(Stored items from a collection)
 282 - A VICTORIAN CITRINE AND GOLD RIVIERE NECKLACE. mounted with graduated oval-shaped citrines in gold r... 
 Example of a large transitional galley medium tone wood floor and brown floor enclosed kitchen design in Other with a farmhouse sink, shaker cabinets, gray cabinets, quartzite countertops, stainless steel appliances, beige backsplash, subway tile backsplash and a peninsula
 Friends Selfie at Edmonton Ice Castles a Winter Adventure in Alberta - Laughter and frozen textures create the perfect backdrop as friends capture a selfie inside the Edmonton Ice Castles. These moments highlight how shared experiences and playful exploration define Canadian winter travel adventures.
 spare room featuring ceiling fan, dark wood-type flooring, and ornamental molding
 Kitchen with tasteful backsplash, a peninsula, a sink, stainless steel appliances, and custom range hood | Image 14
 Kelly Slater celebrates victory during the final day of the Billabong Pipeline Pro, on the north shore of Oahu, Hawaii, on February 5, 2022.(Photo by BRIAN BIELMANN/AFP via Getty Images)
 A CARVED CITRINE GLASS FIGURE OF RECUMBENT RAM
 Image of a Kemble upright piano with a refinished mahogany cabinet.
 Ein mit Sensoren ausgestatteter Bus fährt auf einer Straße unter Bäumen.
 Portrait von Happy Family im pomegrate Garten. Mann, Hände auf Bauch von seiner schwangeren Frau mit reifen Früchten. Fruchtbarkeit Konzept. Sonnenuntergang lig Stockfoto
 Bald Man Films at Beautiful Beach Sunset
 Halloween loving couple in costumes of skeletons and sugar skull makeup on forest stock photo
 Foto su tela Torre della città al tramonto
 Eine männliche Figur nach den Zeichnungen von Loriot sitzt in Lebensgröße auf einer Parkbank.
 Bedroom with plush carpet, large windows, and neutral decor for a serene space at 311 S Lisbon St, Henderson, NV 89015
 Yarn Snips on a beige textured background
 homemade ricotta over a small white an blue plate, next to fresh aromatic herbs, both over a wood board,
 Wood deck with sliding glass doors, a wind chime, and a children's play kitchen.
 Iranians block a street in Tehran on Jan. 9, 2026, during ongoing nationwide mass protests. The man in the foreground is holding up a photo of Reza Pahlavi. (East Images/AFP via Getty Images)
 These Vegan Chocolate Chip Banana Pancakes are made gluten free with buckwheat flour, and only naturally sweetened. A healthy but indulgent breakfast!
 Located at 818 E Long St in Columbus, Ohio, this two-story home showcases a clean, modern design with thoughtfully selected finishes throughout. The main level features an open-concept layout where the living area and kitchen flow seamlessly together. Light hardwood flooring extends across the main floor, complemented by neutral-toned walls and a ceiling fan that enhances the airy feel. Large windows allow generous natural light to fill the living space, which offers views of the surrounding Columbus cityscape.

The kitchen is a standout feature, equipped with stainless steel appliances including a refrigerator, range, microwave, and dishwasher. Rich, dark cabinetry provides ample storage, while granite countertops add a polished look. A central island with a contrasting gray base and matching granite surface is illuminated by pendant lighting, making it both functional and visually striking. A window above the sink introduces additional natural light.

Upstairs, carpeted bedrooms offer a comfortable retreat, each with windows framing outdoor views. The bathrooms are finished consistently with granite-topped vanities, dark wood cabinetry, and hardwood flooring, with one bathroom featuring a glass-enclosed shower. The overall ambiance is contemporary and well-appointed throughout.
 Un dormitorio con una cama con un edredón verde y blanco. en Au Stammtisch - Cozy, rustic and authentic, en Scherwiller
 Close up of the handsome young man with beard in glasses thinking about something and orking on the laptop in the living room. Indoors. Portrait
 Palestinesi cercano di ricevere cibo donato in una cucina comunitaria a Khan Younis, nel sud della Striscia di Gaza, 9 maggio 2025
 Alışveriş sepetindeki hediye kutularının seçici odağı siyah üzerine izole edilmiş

— What you are asked to do —
Copy range, inclusive: the line holding "These Vegan Chocolate" to the line holding "Located at 818". Reproduce exactly those lines of the records above and no others.

— Response below —
 These Vegan Chocolate Chip Banana Pancakes are made gluten free with buckwheat flour, and only naturally sweetened. A healthy but indulgent breakfast!
 Located at 818 E Long St in Columbus, Ohio, this two-story home showcases a clean, modern design with thoughtfully selected finishes throughout. The main level features an open-concept layout where the living area and kitchen flow seamlessly together. Light hardwood flooring extends across the main floor, complemented by neutral-toned walls and a ceiling fan that enhances the airy feel. Large windows allow generous natural light to fill the living space, which offers views of the surrounding Columbus cityscape.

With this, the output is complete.